Mr Hogwallop's picture

Put things on wheels. The rolling tool box is great, we had a 4 x 9 foot wood table on wheels, good for a shooting platform or a lunch table for the crew. Also had 3 10x12 foot rolling walls, useful to divide the stage when shooting multiple set ups or a used as a big white fill card. The big stands go on wheels. We even had one of those 14 foot tall rolling metal ladders we got form a neighbor for $40.
Wheels are your friend!

Michael Comeau's picture

I use bright pink or green gaffer's tape for all small, dark colored objects like lens caps, radio triggers, cable adapters, etc. It makes it way easier to see stuff inside bag and boxes, and it makes these things way harder to lose.

I'm a big fan of this. I do the same thing with my construction tools, as well (except they are all spray painted fluorescent pink). It not only makes them easy to see, it identifies them as yours if there are others around with their equipment.

Lens caps and hammers all look the same; but the bright pink ones are mine!

Mike Bartoszek's picture

i do the same thing with my Rigging rope-
The ugliest rope is mine, so no one steals it and all of the Ground guys can easily tell where i am

Tony Roslund's picture

Haha! "the ugliest rope is mine"

Mike Bartoszek's picture

also helps in purchasing, i can usually get the ugly ones on sale!

haha...double trouble-

Also consider painting the foam inside your pelican (or equivalent) case. Something like orange or teal. You could go white however that will start look very dirty over time.

Just makes it easier to see all of your black camera gear.

Nick Viton's picture

But then won't that paint eventually rub off on your gear?

Not if you use the good kind that sticks to plastic really well. Also the process would be to paint the foam before you shape it out so the parts that your gear goes into aren't themselves painted.

Austin Burke's picture

Awesome tips (and totally using that bonus tip on my next shoot). Was actually talking to a PA today about trying out a scrap book as a holder for gels, though the file organizer might be a little more compact. Anyways off to get some pegboards for the apartment.

Michael Kormos's picture

"...my new 4200 sq. ft. studio"... Ah, the joys of running a studio outside of NYC!

Tony Roslund's picture

Yea man, I can't imagine the cost in NYC.

Nunzio Prenna's picture

Looking to upsize my London studio...a 4200 sq ft would be something like $130K...just saying....

Tony Roslund's picture

Mine ain't exactly cheap. But I certainly wouldn't be able to swing it in higher priced areas.
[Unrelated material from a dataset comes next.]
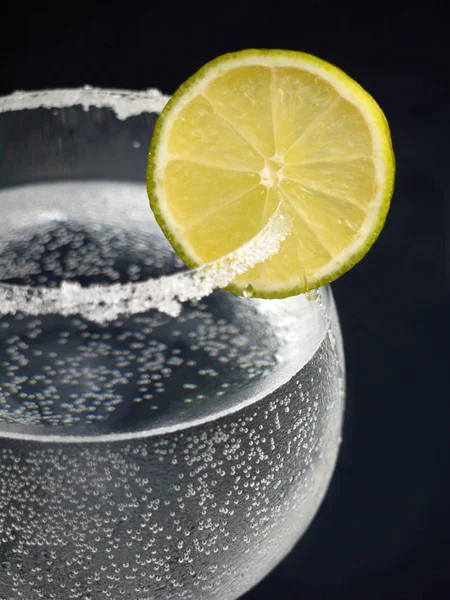 Limón Con Cubitos Hielo Sobre Fondo Negro — Foto de Stock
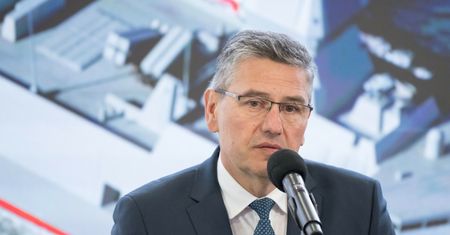 Polska bez nowej strategii bezpieczeństwa. "Kalkulacje polityczne"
Wheels. I use a rolling mechanic's toolbox to keep bodies, lenses, meters, triggers, etc. handy.

G. George Flanik's picture

Painters tape (comes in colors) to the bottom of shoes to keep cyc walls and seamless clean and makes them last longer. Reduces cleaning time.

Eduardo Mugica's picture

i love the pegboard tip, but here in Mexico, i didn't find a nice quality pegboard so i buy instead some slatwall and paint it with black, chalkboard paint. im so happy with the result.

Tony Roslund's picture

Very cool. Thanks for sharing!

Hey Tony- what size board and ropes did you use for paper? Rob's video mainly covered gels and I wasn't sure if the board needed to be wider. Thanks!